ON PARALLEL TEXTS WITHIN THE RUSSIAN NATIONAL CORPUS : NEW LANGUAGES AND NEW CHALLENGES


2019. № 3 (21), 41-61

 Vinogradov Russian Language Institute of the Russian Academy of Sciences, National Research University Higher School of Economics

Abstract:

The paper discusses the main trends in the development of the parallel corpora within the RNC since 2015. The New languages section deals with seven new language pairs that emerged during this period, their architecture and tagging.

Compared with the list of languages that form bilingual parallel pairs with Russian available in 2015, the following new languages have appeared in the RNC: Bashkir, Buryat, Chinese, Czech, Finnish, Lithuanian, Swedish. Creating the parallel subcorpora comes as the combined efforts of autonomous Russian and foreign teams coordinated by the team of developers of the RNC in Moscow. Virtually all the new languages offer specific challenges for the Corpus developers with regard to their annotation. The size of some of the language pairs already available in 2015 has also significantly increased in four years.

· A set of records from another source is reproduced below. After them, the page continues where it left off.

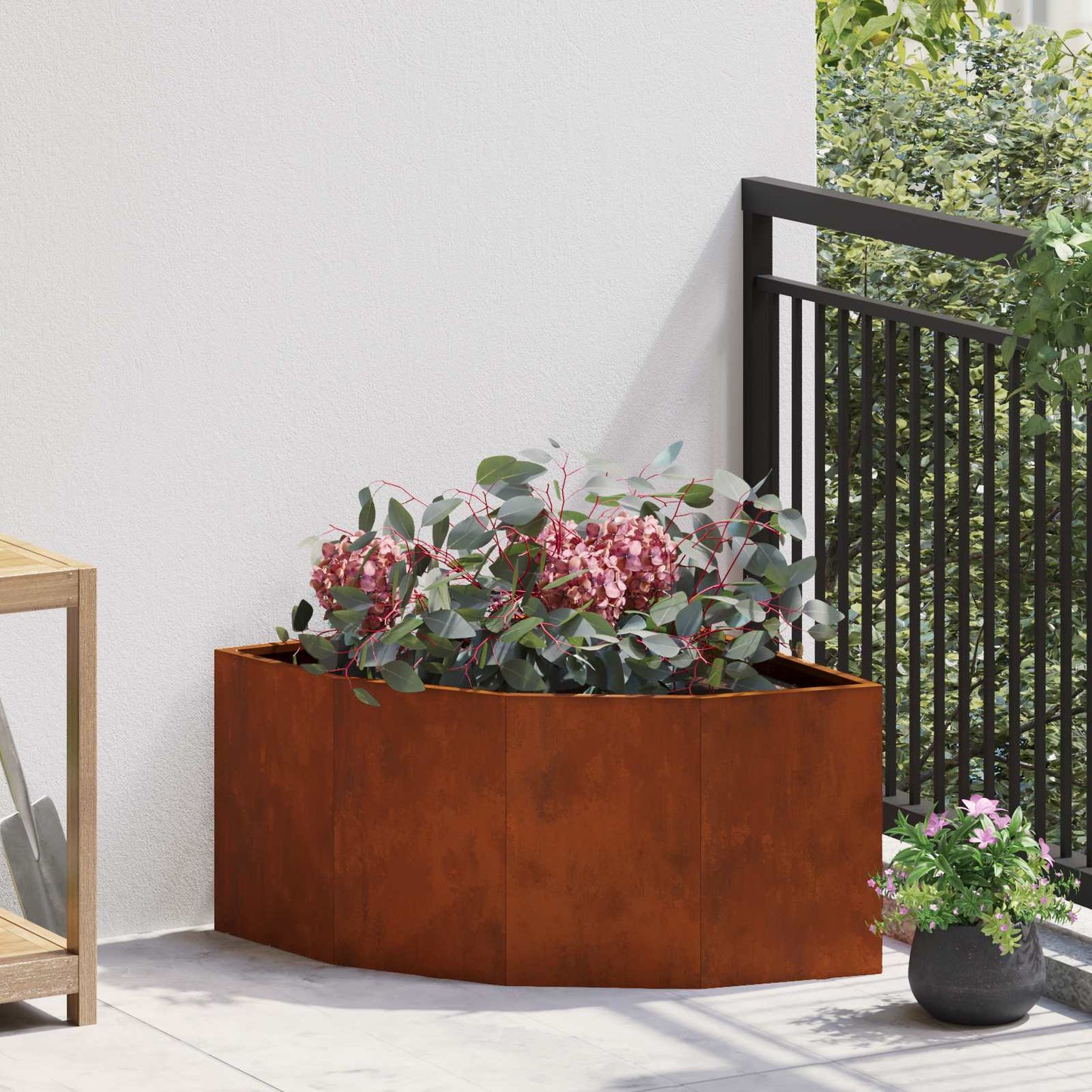 Hoek Plantbak Roestig 60 x 60 x 35 cm
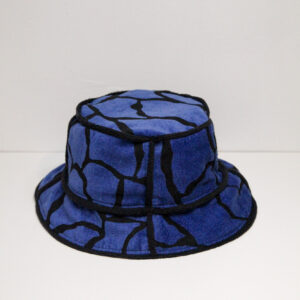 Velvet bucket hat with black and blue pattern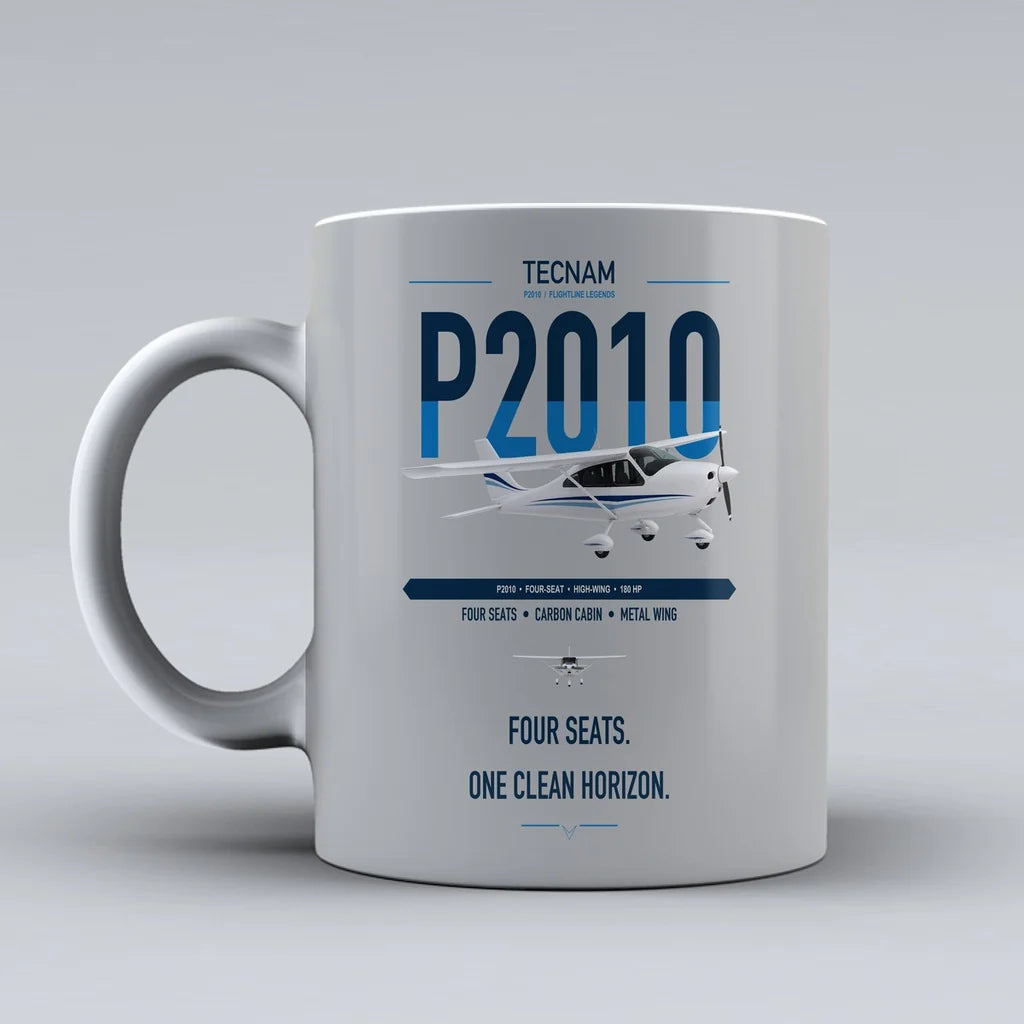 Tecnam P2010 design on light gray ceramic mug, double-side print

The New challenges section goes further to explore some general trends of parallel corpora across different language pairs such as regional/national language varieties, representativeness with regard to text genres, new annotation and search types etc. At the present stage, both due to an increase in the typological diversity of the languages and scripts involved, and through the use of more complex morphological analyzers, the set of additional markup parameters has been significantly expanded. The purpose of incorporating polycentric language samples into the corpus has become one of the most important. The genre representativeness of corpora, which was only being planned in 2015, is one of the main goals in 2019, and this goal is taken into account from the very beginning of the creation of new language pairs.

A case study is dedicated to studying pluperfect in 24 languages of Europe in an expanded multilingual corpus. The analysis of a multilingual text based on the material of an extended collection allows us to construct a network of distances between the data for the Pluperfect category in 24 European languages/lects.